▶ [INSTRUCTIONS FOR THE TASK] Whatever appears in the records, retype it exactly, except for the pictures.

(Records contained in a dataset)

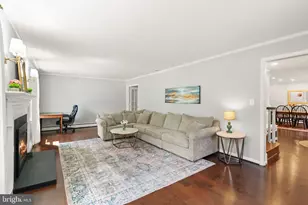 7868 Midday Ln, Alexandria, VA 22306 - Photo 24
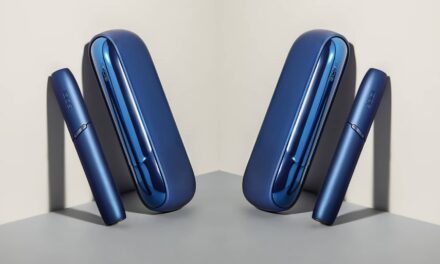 Wrong info deters smokers from switching to better alternatives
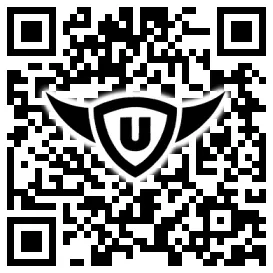 QR-Code My Free Zoo Mobile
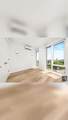 91 Bruckner Boulevard - Photo 4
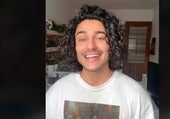 Piden a un profesor gaditano que elimine su acento durante una entrevista para trabajar en Madrid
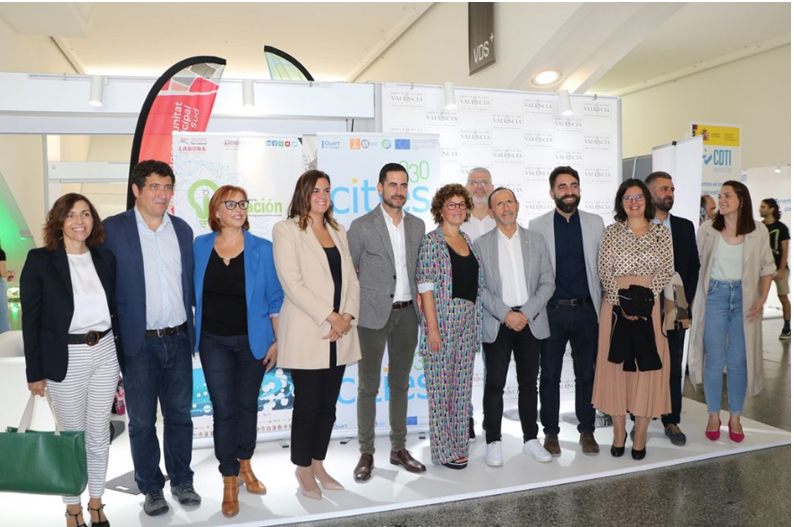 Digital summit 1.PNG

▶ [EXERCISE SOLUTION]
 7868 Midday Ln, Alexandria, VA 22306 - Photo 24
 Wrong info deters smokers from switching to better alternatives
 QR-Code My Free Zoo Mobile
 91 Bruckner Boulevard - Photo 4
 Piden a un profesor gaditano que elimine su acento durante una entrevista para trabajar en Madrid
 Digital summit 1.PNG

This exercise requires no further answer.